La Maison de la Bio a dévoilé mercredi un plan en quinze mesures destiné à accélérer le développement de l’agriculture biologique en France, qu’elle présente comme une réponse concrète aux risques pour la santé, la qualité de l’eau et la souveraineté alimentaire. Le timing est sensible : la consommation bio repart après plusieurs années difficiles, mais les surfaces cultivées et le nombre d’exploitations engagées dans le sans‑pesticide baissent.
Un objectif clair à l’horizon 2030
Le gouvernement et les acteurs de la filière se réfèrent désormais à des cibles précises : porter la part du bio à 12% des achats alimentaires d’ici 2030 (contre 5,8% aujourd’hui) et faire passer les surfaces agricoles en bio de 10% à 21% selon les ambitions législatives. Pour la Maison de la Bio, ces chiffres montrent qu’un basculement est possible si politiques publiques, entreprises et consommateurs tirent dans le même sens.

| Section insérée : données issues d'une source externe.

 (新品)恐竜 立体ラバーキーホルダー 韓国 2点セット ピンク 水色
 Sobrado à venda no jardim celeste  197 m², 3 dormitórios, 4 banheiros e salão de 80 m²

La fédération insiste sur des impacts concrets pour les citoyens : moins de résidus de pesticides dans les assiettes, une meilleure préservation des nappes et des cours d’eau, et une autonomie alimentaire renforcée. Christophe Barnouin, coprésident de la fédération, a rappelé que le développement du bio relève autant de la santé publique que d’une logique économique durable, appelant à un dialogue apaisé avec les responsables politiques.
Des mesures proposées — pragmatiques et ciblées
Parmi les quinze propositions, plusieurs rejoignent des débats déjà en cours au Sénat dans le cadre du projet de loi d’urgence agricole. La Maison de la Bio souhaite que le bio soit priorisé dans les zones de protection des captages d’eau, demande une transparence accrue des distributeurs et de la restauration collective sur la part de produits « durables et de qualité » dans leurs achats, et réclame des mécanismes fiscaux prenant en compte l’empreinte écologique et sociale des entreprises.
- Prioriser le bio dans les aires de captage d’eau potable.
- Obliger la distribution et la restauration collective à communiquer la part de produits durables achetés chaque année.
- Instaurer une fiscalité différenciée liée à l’impact écologique et social des entreprises.
- Créer une interprofession dédiée au bio et nommer des référents bio dans plusieurs ministères (Économie, Santé, Éducation, en plus de l’Agriculture).
- Renforcer l’Agence Bio et lui redonner un rôle plus affirmé dans les débats publics.
- Augmenter les aides de la PAC européennes pour l’agriculture biologique.
- Appliquer réellement les lois existantes sur la part de bio dans les cantines et sur le revenu des agriculteurs (Egalim).
- Expérimenter une distribution gratuite de paniers bio pour les femmes enceintes.
- Mettre en place un indicateur du degré de transformation des produits et généraliser certains produits bio (savon, par exemple) dans les institutions publiques.
- Rendre obligatoire l’éducation à l’alimentation du primaire au lycée.
Ce qui est déjà discuté au Parlement
Le gouvernement se montre ouvert à certaines propositions — notamment celles relatives aux captages d’eau — mais il exclut de les considérer comme des solutions uniques. Le texte en discussion au Sénat devrait préciser la portée de ces priorités, sans effacer la multiplicité des options techniques et réglementaires possibles.
Autre point de tension : l’Agence Bio, rattachée au ministère de l’Agriculture, a vu son positionnement évoluer après des changements de gouvernance. La Maison de la Bio réclame un renforcement de ses moyens et une capacité d’interpellation politique plus forte, là où l’agence s’est récemment montrée plus prudente dans ses prises de position.
Conséquences pour les consommateurs et les producteurs
Si les propositions étaient mises en œuvre, les consommateurs pourraient voir une montée en gamme et une meilleure traçabilité des produits proposés en magasin et à la cantine, tandis que les agriculteurs bénéficieraient d’un cadre d’aides plus favorable. Mais la fédération souligne aussi la nécessité d’un suivi réel des lois existantes pour éviter un décalage entre objectifs affichés et résultats sur le terrain.
La Maison de la Bio invite les candidats à la présidentielle à intégrer ces mesures dans leurs programmes, jugeant que l’enjeu dépasse la filière : il touche la santé publique, la préservation des ressources et la résilience alimentaire nationale.